Factories in Haifa Bay, 2015. Some 400 large-scale plants have a significant effect on the Israeli environment.Credit: Rami Shllush
Zafrir Rinat
Zafrir Rinat

The OECD has slammed Israel for not meeting its commitments to advance environmental regulation as it promised after joining the organization in 2010.

Specifically, Israel has not approved a law to make the bureaucratic process for receiving approval to build factories more efficient.

Following the reprimand, the Environmental Protection Ministry has now ramped up efforts to get the legislation passed. A dispute with industrialists has delayed the bill.

The problematic bill is called the Green Licensing Law. Currently, factories need to get separate permits for the amount of air pollution they expect to generate; for the use of poisonous materials; and for releasing waste into the sea. The original bill, whose details were circulated to other ministries and the Manufacturers Association of Israel, would streamline all these permits into one covering all environmental aspects.

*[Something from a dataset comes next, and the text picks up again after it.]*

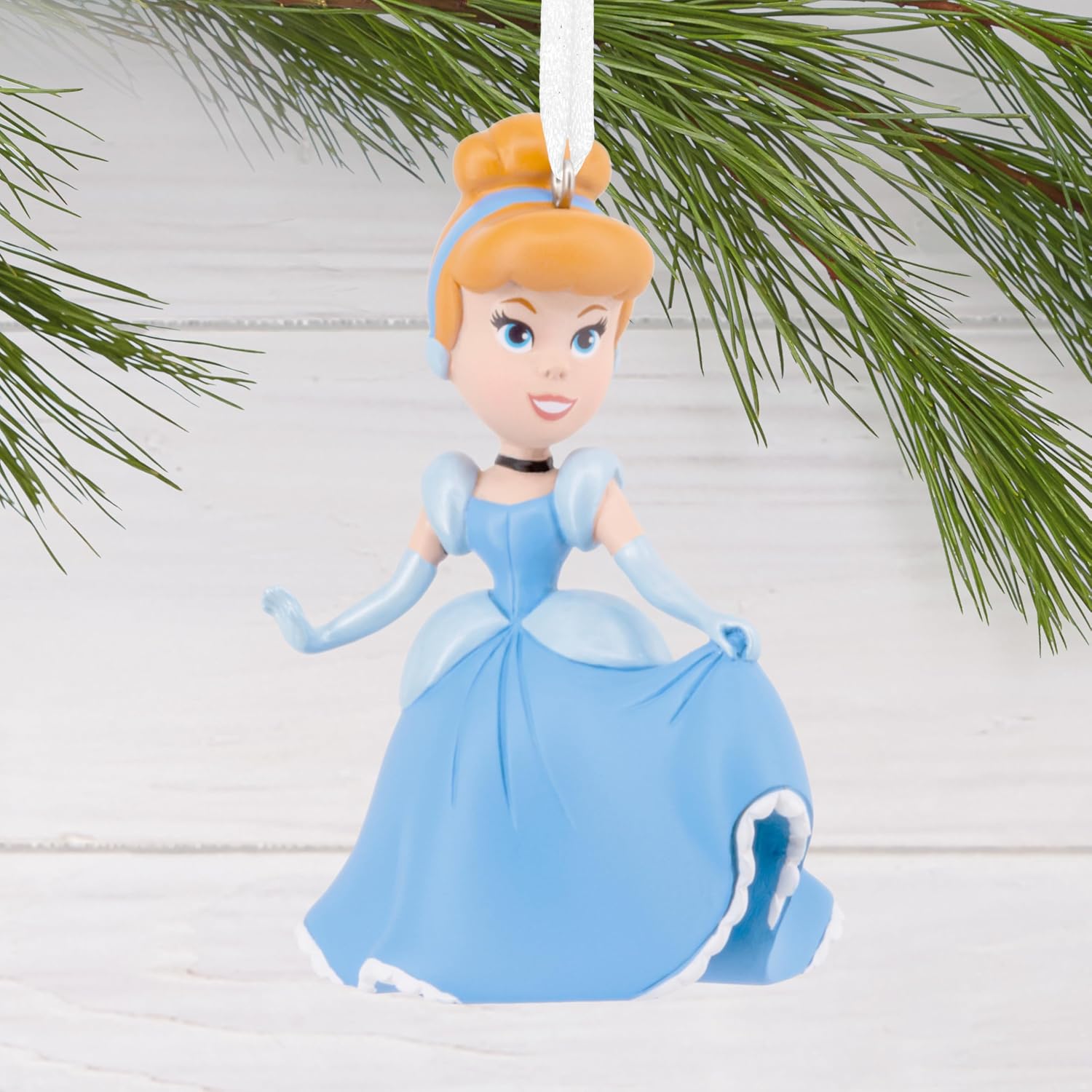 Hallmark Disney Princess Cenicienta - Adorno de Navidad estilizado, regalos para fanáticos de Disney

The bill sparked a number of disputes with the Manufacturers Association, which have yet to be resolved. Industrialists opposed allowing additional authorities besides the Environmental Protection Ministry to be involved in the licensing process, which they claimed would make it more burdensome and complicated, despite the law’s intention to make the process more efficient.

They also demanded that factories be given the possibility of appealing the conditions for the unified permit that the ministry would set.

Other OECD countries have had quicker, more efficient regulations for approving factories for many years, and the organization considers them as vital. Israeli officials equally view membership in the organization as important, hence the speedy reaction to the OECD reprimand by Environmental Protection Minister Zeev Elkin, who is advancing preparation for a new version of the bill.

The ministry recently consulted with the European Union to improve environmental regulation in Israel and to help formulate a new version of its environmental licensing bill.

The ministry’s environmental policy division recently completed a report examining the repercussions of green licensing. According to the report, there are many parts of the ministry involved in giving permits to factories and they make many demands, including the need for reports, surveys and sampling.

Many factories say there is a lack of clarity regarding the demands, as well as basic uncertainty because of the need to renew different permits within short time frames.

The main bureaucratic burden falls on 400 large-scale factories that the ministry believes make a significant impact on the environment. There are also 8,000 smaller factories, some of which have only to meet some of the demands for permits.

According to the ministry’s report, the financial cost of dealing with environmental regulations – which requires hiring consultants and experts in various fields – is around 123 million shekels ($34.8 million). It estimated that moving over to the method of requiring just one unified permit could cut costs by almost a third.